Displays of Grigorenko’s skill are never far away. The difference is Hertl is making an impact during games and Grigorenko only shows morning glory.
Grigorenko’s tenuous hold on a lineup spot may slip away tonight when the Sabres host Columbus in First Niagara Center. Rookie Johan Larsson practiced in Grigorenko’s spot between wingers Zemgus Girgensons and Brian Flynn. Grigorenko filled in for absent center Cody Hodgson alongside Steve Ott and Thomas Vanek. Hodgson will play after taking his maintenance day, which would leave Grigorenko out of the lineup if the forward groups stay the same.
“You have to find a way to be an impact in a game,” coach Ron Rolston said. “It’s his ability to put himself in positions where he can use those skills. That means you’ve got to go to the puck, you’ve got to get the puck, you’ve got to support the puck, you’ve got to be around the puck, you’ve got to battle for the puck. You can stickhandle in a phone booth and that doesn’t really translate unless you can be an impact on the game.
“He’s a young player. He’s still learning those things and how to do that, be impactful at this level, and how that’s changed from junior hockey to pro hockey. It’s a learning process.”
Grigorenko’s ice time has steadily dwindled through the opening four games, bottoming out at 8:07 during a 3-2 overtime loss to Tampa Bay on Tuesday. He has no points and only five shots, including none against the Lightning.
“Obviously, I didn’t have as much time as the first couple games, but it’s up to coach,” Grigorenko said. “At this time of the game, he probably would rather put out other guys. We almost won the game, so I’ll just keep working and hopefully I’ll get back my ice time.”
Rolston has not been enamored with the Russian, who was selected 12th overall in the 2012 NHL draft. The coach has repeatedly knocked Grigorenko’s lack of competitiveness.
“It’s getting there, but it needs to continue to improve,” Rolston said. “That’s that last hurdle for him. That’s something that he’s going to work on.”
Grigorenko is in a unique position regarding his age and contract status. He showed enough flashes at the beginning of last season that General Manager Darcy Regier decided to keep Grigorenko past the nine-game tryout limit for teenagers. The decision started the clock on Grigorenko’s entry-level contract, and once it starts it doesn’t stop.
Though the center is eligible to return to his Quebec junior team, the second year of his three-year contract would go by the wayside, multiple sources said Wednesday. The nine-game tryout (and resulting contract slide) doesn’t apply in the second year if a player goes past the cutoff during the first year.
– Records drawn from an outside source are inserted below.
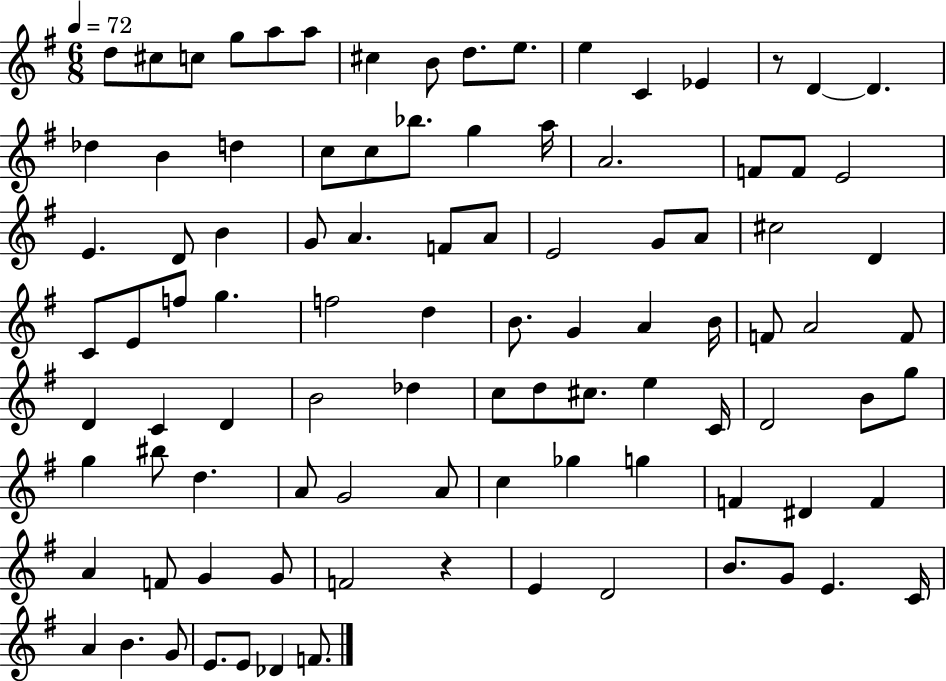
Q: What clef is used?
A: treble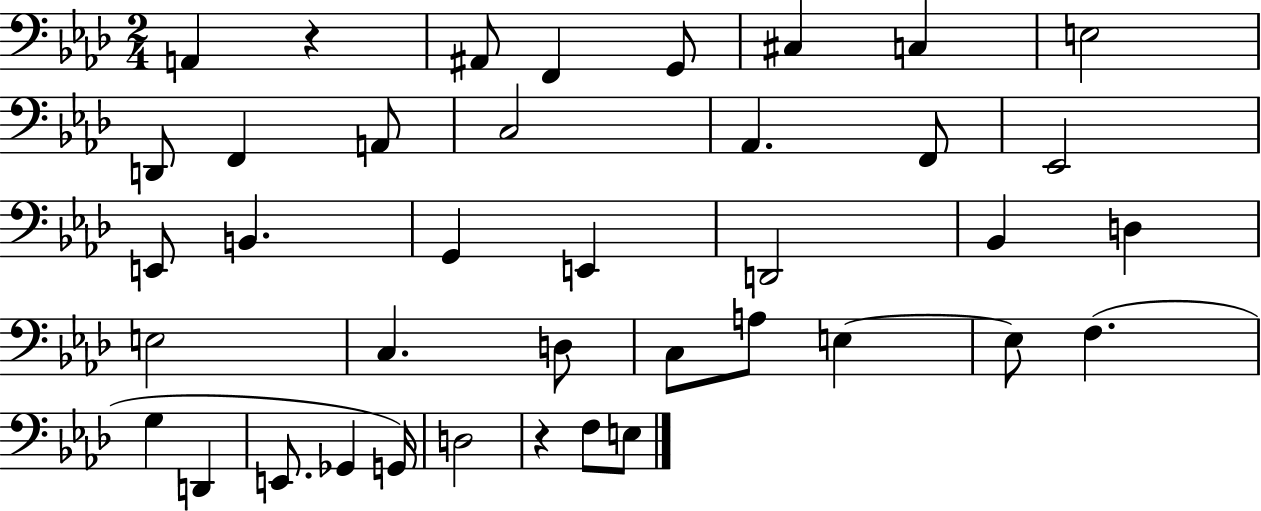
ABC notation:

X:1
T:Untitled
M:2/4
L:1/4
K:Ab
A,, z ^A,,/2 F,, G,,/2 ^C, C, E,2 D,,/2 F,, A,,/2 C,2 _A,, F,,/2 _E,,2 E,,/2 B,, G,, E,, D,,2 _B,, D, E,2 C, D,/2 C,/2 A,/2 E, E,/2 F, G, D,, E,,/2 _G,, G,,/4 D,2 z F,/2 E,/2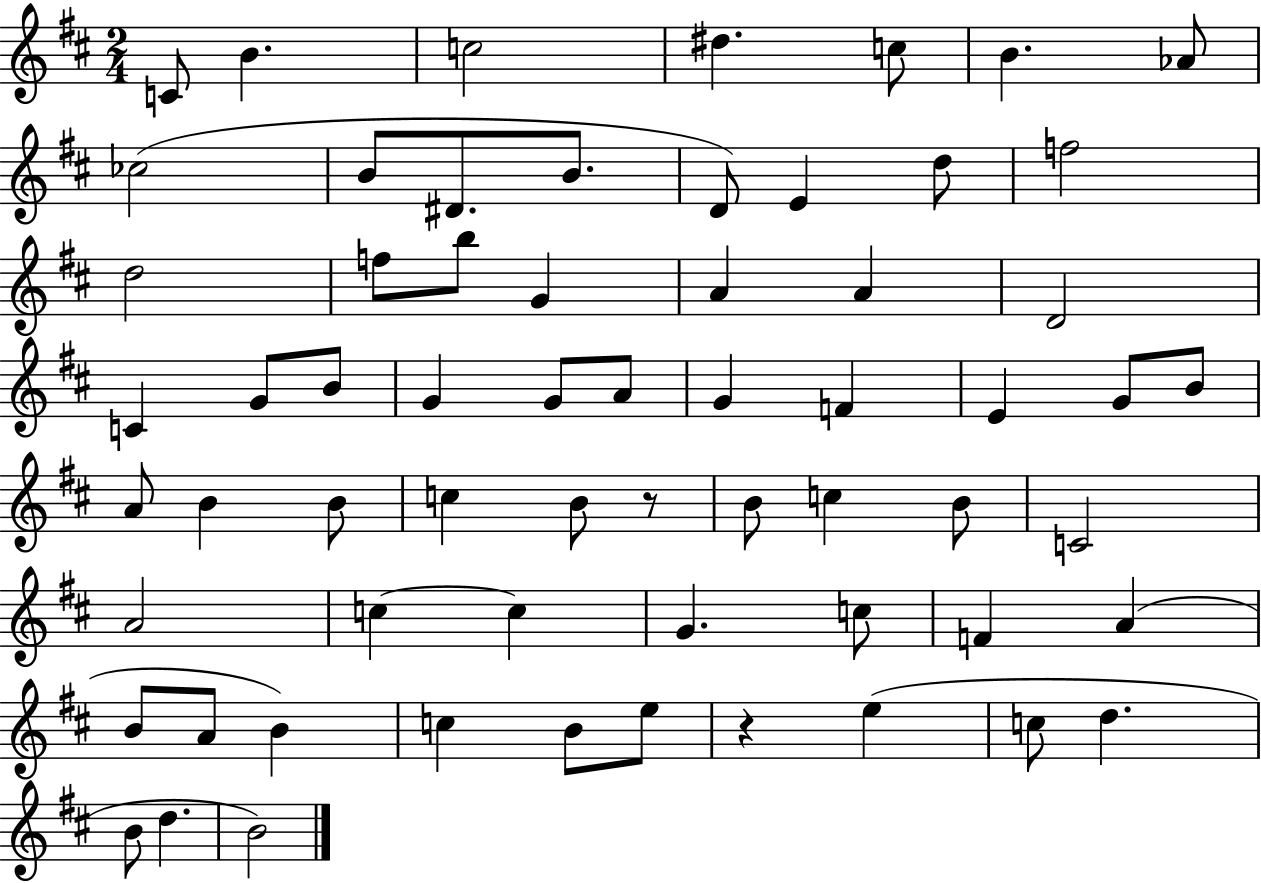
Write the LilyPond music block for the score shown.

{
  \clef treble
  \numericTimeSignature
  \time 2/4
  \key d \major
  c'8 b'4. | c''2 | dis''4. c''8 | b'4. aes'8 | \break ces''2( | b'8 dis'8. b'8. | d'8) e'4 d''8 | f''2 | \break d''2 | f''8 b''8 g'4 | a'4 a'4 | d'2 | \break c'4 g'8 b'8 | g'4 g'8 a'8 | g'4 f'4 | e'4 g'8 b'8 | \break a'8 b'4 b'8 | c''4 b'8 r8 | b'8 c''4 b'8 | c'2 | \break a'2 | c''4~~ c''4 | g'4. c''8 | f'4 a'4( | \break b'8 a'8 b'4) | c''4 b'8 e''8 | r4 e''4( | c''8 d''4. | \break b'8 d''4. | b'2) | \bar "|."
}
“We have really good vets on this team, so every day I could learn a lot of good things from them on the ice and off the ice,” said Grigorenko, who added his NHL lessons have helped. “Last year, I just remember I was working a lot on those around-the-net rebounds, and I scored exactly the same goal in the world juniors in the semifinals against Sweden. It for sure helps with the reflexes.
“I’m pretty sure I’m going to have these chances around the net and I’m going to score.”
In order to score, Grigorenko will first have to prove that his practice prowess can show up when it matters most.
“We see it every day in practice, and he’s just got to bring it to the game,” Sabres center Kevin Porter said. “He’s got great hands. He’s got great vision. He makes guys miss. He’s good one-on-one. When he gets those chances he’s got to start shooting more and make the plays when they’re available.
“Everyone in the NHL has skill. All the guys can make plays and score goals. It comes down to who wants to work the hardest.”